MP-Mat: A 3D-and-Instance-Aware Human Matting and Editing Framework with Multiplane Representation
Journal:
arXiv
Published Date:
Apr 20, 2025
Abstract
Human instance matting aims to estimate an alpha matte for each human
instance in an image, which is challenging as it easily fails in complex cases
requiring disentangling mingled pixels belonging to multiple instances along
hairy and thin boundary structures. In this work, we address this by
introducing MP-Mat, a novel 3D-and-instance-aware matting framework with
multiplane representation, where the multiplane concept is designed from two
different perspectives: scene geometry level and instance level. Specifically,
we first build feature-level multiplane representations to split the scene into
multiple planes based on depth differences. This approach makes the scene
representation 3D-aware, and can serve as an effective clue for splitting
instances in different 3D positions, thereby improving interpretability and
boundary handling ability especially in occlusion areas. Then, we introduce
another multiplane representation that splits the scene in an instance-level
perspective, and represents each instance with both matte and color. We also
treat background as a special instance, which is often overlooked by existing
methods. Such an instance-level representation facilitates both foreground and
background content awareness, and is useful for other down-stream tasks like
image editing.

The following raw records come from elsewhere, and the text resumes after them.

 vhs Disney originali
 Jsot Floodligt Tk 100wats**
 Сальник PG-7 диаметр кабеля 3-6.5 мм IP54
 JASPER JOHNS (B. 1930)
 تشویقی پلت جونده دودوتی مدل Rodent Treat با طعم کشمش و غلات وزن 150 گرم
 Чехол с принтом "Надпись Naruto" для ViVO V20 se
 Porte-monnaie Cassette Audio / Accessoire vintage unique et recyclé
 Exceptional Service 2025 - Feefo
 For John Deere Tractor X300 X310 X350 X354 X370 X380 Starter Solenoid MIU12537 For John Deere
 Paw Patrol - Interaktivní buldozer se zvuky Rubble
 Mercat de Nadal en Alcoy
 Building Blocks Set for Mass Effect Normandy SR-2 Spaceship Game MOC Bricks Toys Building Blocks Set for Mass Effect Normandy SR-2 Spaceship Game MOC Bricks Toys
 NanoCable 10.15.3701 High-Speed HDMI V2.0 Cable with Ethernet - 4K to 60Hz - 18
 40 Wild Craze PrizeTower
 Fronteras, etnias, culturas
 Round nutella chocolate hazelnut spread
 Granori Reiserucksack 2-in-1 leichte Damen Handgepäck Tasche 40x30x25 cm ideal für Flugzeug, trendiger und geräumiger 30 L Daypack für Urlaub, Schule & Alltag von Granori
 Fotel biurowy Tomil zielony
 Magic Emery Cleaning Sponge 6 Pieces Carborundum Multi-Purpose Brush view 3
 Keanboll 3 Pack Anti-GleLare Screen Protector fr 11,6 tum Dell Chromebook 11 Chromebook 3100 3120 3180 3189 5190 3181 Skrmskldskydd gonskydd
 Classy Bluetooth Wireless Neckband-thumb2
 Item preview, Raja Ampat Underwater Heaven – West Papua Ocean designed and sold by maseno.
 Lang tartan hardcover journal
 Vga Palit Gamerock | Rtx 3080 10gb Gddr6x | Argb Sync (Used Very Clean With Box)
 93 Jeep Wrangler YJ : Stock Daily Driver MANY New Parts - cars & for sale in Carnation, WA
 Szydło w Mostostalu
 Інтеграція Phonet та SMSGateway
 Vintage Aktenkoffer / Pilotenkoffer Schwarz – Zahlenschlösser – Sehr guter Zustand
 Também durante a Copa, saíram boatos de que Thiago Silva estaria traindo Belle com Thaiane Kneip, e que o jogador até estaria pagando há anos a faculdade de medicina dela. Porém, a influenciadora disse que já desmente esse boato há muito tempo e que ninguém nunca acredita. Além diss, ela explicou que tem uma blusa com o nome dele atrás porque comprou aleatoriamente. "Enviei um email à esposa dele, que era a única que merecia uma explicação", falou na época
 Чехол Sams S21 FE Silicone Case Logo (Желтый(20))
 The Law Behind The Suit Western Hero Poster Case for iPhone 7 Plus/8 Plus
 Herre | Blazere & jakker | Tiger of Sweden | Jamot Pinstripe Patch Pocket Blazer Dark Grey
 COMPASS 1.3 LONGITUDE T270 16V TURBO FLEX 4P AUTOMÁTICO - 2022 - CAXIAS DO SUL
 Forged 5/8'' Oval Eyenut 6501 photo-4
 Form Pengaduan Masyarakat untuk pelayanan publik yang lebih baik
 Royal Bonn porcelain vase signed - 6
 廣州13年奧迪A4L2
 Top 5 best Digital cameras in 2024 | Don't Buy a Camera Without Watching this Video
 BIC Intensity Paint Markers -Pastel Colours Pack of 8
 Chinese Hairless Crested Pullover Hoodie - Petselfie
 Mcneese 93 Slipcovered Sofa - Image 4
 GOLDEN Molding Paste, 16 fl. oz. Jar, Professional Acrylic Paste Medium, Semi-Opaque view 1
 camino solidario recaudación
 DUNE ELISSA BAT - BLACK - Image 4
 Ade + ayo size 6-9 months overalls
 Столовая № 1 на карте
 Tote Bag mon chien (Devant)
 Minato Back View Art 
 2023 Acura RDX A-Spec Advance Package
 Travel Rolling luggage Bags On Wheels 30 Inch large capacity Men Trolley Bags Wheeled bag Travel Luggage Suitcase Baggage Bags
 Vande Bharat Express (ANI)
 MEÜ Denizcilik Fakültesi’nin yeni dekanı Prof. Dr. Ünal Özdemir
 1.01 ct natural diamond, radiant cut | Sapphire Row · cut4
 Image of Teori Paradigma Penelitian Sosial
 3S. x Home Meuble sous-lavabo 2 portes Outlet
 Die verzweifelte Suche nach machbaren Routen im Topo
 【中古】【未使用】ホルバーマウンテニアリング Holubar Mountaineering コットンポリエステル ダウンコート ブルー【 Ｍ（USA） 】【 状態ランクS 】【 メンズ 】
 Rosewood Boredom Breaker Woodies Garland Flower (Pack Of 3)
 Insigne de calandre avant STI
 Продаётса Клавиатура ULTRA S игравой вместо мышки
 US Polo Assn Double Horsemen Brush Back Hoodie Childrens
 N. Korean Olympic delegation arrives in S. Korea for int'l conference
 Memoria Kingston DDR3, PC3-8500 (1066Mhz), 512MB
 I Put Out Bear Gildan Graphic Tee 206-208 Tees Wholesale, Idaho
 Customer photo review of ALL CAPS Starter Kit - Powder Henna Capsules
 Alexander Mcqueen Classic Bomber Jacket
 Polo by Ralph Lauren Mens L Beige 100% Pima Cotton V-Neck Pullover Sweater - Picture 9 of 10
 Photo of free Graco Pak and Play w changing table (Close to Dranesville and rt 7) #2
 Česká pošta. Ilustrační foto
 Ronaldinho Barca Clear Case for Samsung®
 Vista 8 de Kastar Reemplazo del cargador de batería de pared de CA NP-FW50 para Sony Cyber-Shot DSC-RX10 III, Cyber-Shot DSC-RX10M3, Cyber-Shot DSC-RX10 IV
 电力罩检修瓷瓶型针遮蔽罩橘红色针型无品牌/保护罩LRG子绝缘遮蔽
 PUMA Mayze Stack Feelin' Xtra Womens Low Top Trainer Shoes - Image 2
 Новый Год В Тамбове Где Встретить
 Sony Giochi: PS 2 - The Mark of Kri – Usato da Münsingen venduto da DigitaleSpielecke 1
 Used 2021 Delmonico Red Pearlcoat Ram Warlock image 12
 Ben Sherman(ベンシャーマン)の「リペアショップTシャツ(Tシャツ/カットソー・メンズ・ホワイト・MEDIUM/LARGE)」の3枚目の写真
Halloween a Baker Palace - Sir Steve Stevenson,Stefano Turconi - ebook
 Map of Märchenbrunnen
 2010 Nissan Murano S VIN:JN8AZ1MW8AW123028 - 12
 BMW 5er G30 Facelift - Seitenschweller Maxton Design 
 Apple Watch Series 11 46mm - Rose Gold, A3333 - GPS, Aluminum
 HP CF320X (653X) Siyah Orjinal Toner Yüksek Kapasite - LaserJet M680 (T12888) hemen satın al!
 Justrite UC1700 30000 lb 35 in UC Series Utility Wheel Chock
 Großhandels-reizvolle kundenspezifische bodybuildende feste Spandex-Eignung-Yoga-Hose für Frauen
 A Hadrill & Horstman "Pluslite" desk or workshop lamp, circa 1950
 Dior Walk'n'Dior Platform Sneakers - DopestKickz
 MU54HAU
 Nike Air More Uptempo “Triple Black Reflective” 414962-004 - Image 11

Once built, the representation can be reused to realize
controllable instance-level image editing with high efficiency. Extensive
experiments validate the clear advantage of MP-Mat in matting task. We also
demonstrate its superiority in image editing tasks, an area under-explored by
existing matting-focused methods, where our approach under zero-shot inference
even outperforms trained specialized image editing techniques by large margins.
Code is open-sourced at https://github.com/JiaoSiyi/MPMat.git}.